Fox News host Mark Levin has been critical of individuals who oppose his views on foreign policy, labeling them as “isolationists.” Yet, it seems he doesn’t grasp the term’s history and the broader American narrative of anti-imperialism and resistance to interventionism.
During a recent broadcast, Levin expressed concern about Republicans and conservatives questioning President Donald Trump’s stance on Iran. He stated, “We have a strong isolationism, reminiscent of the 1930s, asserting itself in the Democratic Party. It’s alarming that some Republicans are now fearful of this.” He painted the Democratic Party as isolationist, claiming they’re not aligned with American or Israeli interests, or even those of Gulf Arab nations. In his view, there’s a lack of Republican leaders willing to step up.
Levin also implied that the GOP may lean more toward isolationism once Trump isn’t in office, suggesting that any benefits from the ongoing conflict could vanish quickly.
His guest, Keith Kellogg, a former special envoy to Ukraine, echoed Levin’s sentiments. Interestingly, while lamenting Americans’ short historical memory, he invoked simplistic comparisons to the 1930s and British Prime Minister Neville Chamberlain’s dealings with Hitler, as if American and world history began at that time.
It seems both Levin and Kellogg might be unaware of the rich American history predating the 1930s, or they simply prefer not to engage with it. After all, acknowledging earlier anti-imperialist sentiments might label them as “isolationists” themselves.
Most people think “isolationism” first appeared in American dialogue in the run-up to World War II, particularly with figures like Charles Lindbergh and the America First movement. However, its roots can actually be traced back to the late 19th century. The term emerged from the views of Captain Alfred Thayer Mahan, a staunch advocate for American imperialism, who pushed for overseas naval bases to support American trade and territorial expansion under President William McKinley.

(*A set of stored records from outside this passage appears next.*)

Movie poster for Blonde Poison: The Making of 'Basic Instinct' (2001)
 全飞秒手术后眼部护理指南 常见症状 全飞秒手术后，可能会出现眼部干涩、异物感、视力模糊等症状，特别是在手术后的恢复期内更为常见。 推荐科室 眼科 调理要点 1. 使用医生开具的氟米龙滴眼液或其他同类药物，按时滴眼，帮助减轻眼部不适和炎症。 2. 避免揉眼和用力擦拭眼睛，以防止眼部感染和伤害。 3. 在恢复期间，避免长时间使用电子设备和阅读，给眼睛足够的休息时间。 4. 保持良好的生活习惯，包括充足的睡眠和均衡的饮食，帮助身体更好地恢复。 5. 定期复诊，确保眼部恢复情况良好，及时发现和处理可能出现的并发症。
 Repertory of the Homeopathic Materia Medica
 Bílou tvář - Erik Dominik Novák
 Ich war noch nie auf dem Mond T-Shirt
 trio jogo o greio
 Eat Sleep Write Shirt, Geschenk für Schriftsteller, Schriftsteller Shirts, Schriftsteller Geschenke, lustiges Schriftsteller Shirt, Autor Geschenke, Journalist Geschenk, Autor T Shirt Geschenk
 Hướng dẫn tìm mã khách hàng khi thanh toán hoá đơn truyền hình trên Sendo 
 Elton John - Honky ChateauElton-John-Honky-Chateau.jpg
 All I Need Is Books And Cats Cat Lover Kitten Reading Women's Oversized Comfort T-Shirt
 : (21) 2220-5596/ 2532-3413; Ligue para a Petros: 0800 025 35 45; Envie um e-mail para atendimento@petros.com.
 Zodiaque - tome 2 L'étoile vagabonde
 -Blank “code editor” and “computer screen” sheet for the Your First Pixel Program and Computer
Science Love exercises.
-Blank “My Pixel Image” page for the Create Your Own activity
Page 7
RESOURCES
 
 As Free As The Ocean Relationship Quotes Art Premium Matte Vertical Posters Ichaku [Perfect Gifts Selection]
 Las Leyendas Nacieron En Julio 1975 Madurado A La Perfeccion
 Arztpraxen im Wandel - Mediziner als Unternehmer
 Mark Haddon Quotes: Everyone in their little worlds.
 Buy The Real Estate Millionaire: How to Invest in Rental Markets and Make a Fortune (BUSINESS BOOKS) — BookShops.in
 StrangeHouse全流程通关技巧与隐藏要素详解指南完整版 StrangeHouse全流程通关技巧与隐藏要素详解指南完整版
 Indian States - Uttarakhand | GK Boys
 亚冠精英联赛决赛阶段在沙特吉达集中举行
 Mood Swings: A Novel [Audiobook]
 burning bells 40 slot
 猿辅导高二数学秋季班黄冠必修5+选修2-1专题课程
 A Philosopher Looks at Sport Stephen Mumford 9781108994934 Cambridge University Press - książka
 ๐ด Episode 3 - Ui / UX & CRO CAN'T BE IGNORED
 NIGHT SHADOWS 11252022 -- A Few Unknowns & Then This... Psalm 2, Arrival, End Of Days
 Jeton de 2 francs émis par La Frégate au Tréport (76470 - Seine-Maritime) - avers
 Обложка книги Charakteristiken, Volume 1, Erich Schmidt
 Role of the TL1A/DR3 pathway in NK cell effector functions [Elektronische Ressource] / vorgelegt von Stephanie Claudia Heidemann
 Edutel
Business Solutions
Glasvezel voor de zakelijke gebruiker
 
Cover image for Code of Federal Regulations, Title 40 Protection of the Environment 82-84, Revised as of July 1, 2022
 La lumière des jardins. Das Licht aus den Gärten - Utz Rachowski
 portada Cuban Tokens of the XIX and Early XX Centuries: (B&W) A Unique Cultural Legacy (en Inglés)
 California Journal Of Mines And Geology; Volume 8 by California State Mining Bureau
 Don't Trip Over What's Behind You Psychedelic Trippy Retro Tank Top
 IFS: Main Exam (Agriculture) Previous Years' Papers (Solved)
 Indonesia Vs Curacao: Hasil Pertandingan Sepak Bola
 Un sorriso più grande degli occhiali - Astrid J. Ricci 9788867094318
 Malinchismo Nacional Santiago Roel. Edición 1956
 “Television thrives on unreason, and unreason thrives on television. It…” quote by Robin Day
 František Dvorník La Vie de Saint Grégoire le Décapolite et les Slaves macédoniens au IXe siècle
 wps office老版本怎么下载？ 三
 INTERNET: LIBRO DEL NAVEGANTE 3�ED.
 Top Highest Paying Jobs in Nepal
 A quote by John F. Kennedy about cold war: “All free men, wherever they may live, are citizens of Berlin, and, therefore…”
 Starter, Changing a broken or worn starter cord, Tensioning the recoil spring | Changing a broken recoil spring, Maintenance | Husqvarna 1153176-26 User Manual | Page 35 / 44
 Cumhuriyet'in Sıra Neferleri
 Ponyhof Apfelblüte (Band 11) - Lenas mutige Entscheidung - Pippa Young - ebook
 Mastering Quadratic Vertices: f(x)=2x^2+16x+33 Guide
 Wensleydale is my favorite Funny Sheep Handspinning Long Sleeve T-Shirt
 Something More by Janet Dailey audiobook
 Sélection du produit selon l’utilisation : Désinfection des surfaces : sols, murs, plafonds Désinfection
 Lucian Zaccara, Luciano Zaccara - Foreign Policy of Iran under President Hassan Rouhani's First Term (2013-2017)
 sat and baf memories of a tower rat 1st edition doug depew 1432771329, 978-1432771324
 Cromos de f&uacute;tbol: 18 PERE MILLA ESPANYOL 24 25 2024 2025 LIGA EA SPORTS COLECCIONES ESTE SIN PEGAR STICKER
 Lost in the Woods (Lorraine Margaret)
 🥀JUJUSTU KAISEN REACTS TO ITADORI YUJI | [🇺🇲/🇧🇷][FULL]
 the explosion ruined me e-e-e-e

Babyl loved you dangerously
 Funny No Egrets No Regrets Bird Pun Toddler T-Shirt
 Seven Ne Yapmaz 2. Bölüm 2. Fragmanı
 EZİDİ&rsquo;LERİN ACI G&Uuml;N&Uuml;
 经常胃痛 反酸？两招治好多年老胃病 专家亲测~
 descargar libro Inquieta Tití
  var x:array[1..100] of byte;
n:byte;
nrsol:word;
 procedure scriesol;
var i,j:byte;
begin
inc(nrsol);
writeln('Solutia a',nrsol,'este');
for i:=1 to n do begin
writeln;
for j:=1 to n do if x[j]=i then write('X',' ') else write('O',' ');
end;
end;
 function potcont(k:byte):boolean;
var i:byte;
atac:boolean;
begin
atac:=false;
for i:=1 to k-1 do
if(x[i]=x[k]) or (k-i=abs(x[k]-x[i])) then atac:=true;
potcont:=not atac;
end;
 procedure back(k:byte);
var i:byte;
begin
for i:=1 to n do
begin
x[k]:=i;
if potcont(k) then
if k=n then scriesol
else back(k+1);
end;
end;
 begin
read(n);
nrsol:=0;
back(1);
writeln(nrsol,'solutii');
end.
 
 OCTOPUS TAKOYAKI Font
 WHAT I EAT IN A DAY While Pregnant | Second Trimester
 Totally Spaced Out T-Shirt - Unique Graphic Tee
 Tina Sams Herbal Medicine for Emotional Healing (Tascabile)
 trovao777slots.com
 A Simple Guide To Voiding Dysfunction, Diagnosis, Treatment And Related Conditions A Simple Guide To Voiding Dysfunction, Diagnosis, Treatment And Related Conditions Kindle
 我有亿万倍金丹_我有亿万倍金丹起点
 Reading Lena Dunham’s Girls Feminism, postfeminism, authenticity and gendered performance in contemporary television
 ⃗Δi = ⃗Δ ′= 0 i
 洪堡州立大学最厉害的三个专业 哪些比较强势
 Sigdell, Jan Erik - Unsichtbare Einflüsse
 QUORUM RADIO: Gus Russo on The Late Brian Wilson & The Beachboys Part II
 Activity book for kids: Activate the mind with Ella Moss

Many Americans at that time weren’t entirely convinced about expanding the empire and worried about potential costs. For instance, Southern sugar producers feared competition from new territories like Puerto Rico and the Philippines. Historian Louis Gould noted that anti-imperialists came from diverse economic and political backgrounds, similar to those involved in the America First movement before WWII. Notable figures included William Jennings Bryan, Benjamin Harrison, and Andrew Carnegie.
Perhaps the best-known of these opponents was Mark Twain, who, alongside Carnegie and others, formed the American League Against Imperialism in 1898 as a response to the Spanish-American War. Twain later reflected on his earlier imperialist beliefs, realizing the true intent was conquest rather than liberation. He articulated this shift, explaining the need to let other nations govern themselves instead of imposing American rule.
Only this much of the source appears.